↓↓↓

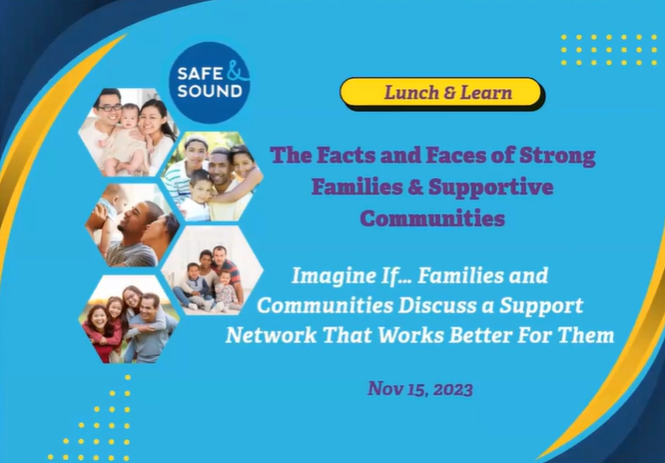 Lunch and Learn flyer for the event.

↑↑↑
↓↓↓

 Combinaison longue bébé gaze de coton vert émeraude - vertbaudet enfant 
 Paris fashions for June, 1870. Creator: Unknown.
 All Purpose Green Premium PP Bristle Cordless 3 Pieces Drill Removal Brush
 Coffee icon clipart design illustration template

↑↑↑
↓↓↓

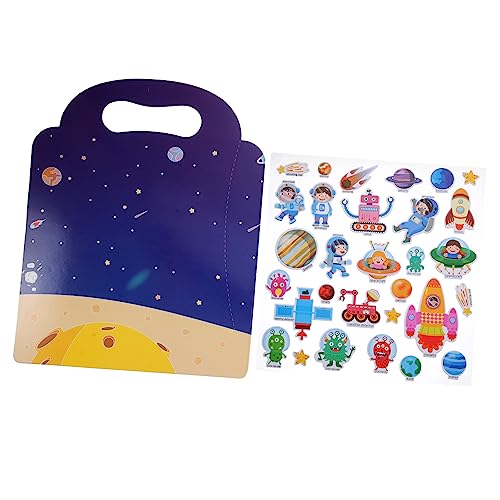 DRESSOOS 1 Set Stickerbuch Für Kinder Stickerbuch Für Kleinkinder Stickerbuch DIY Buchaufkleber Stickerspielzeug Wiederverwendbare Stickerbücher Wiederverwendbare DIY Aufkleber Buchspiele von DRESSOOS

↑↑↑

- **INSTRUCTIONS FOR THE TASK**
Return only the stretch of the material above from the line holding "All Purpose Green" through the line holding "Coffee icon clipart", copied exactly.

- **RESPONSE**
 All Purpose Green Premium PP Bristle Cordless 3 Pieces Drill Removal Brush
 Coffee icon clipart design illustration template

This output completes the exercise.